→ **Problem requirements**: Below are the entries to work from; restate word for word the portion that opens with the line containing "Mund / Gesicht" and closes with the line containing "Corner Sofa-Bed Mane Right - Cream Cream Corner", keeping both.

→ **Input for this task**:
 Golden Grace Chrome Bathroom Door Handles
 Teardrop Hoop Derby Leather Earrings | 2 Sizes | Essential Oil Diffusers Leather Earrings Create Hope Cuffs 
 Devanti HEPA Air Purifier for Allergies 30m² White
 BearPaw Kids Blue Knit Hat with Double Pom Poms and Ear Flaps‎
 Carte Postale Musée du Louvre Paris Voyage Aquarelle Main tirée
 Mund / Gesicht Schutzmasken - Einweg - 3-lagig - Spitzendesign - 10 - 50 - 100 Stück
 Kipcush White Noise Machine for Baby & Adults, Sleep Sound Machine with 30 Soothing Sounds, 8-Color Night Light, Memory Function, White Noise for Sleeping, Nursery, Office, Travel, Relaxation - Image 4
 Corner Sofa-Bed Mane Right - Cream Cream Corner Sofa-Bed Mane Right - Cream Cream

...

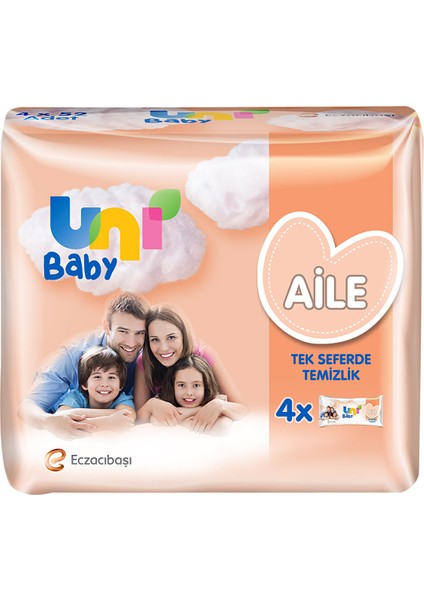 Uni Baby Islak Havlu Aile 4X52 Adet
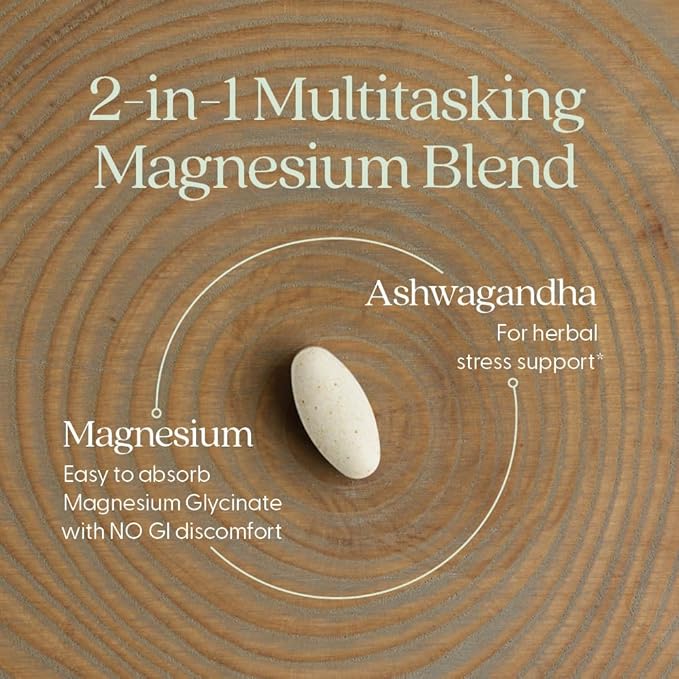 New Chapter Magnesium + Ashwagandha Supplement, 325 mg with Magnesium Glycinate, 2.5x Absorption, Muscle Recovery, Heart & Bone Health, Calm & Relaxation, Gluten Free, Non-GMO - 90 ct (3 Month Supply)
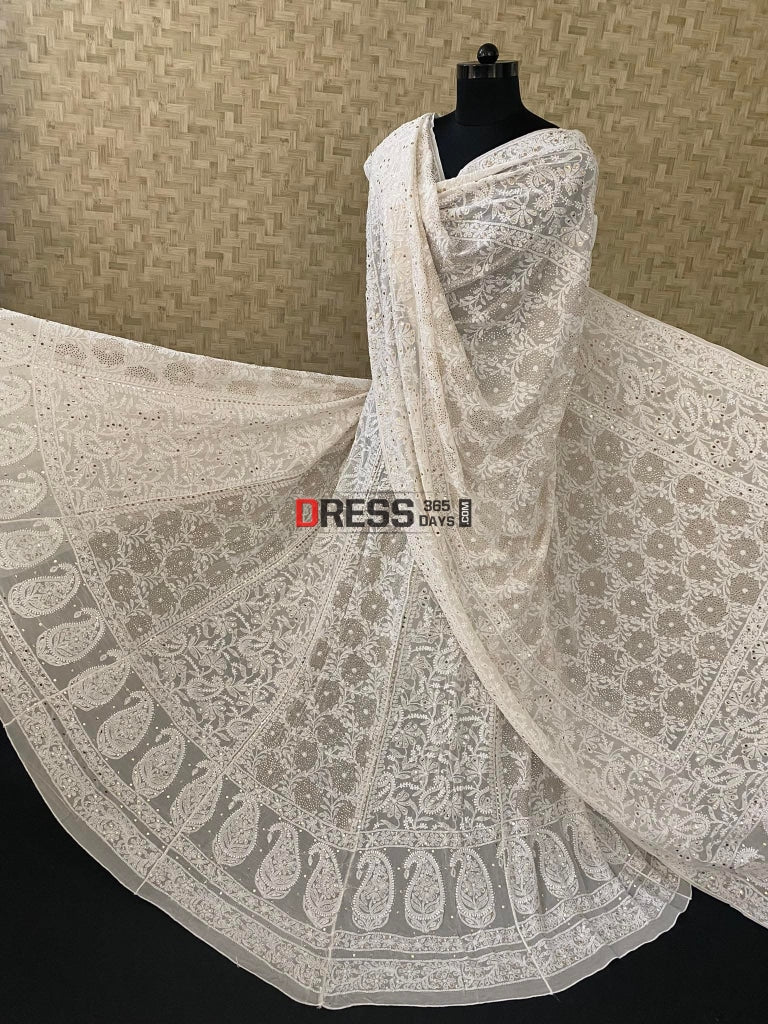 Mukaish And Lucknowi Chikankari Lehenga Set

→ **Expected output**:
 Mund / Gesicht Schutzmasken - Einweg - 3-lagig - Spitzendesign - 10 - 50 - 100 Stück
 Kipcush White Noise Machine for Baby & Adults, Sleep Sound Machine with 30 Soothing Sounds, 8-Color Night Light, Memory Function, White Noise for Sleeping, Nursery, Office, Travel, Relaxation - Image 4
 Corner Sofa-Bed Mane Right - Cream Cream Corner Sofa-Bed Mane Right - Cream Cream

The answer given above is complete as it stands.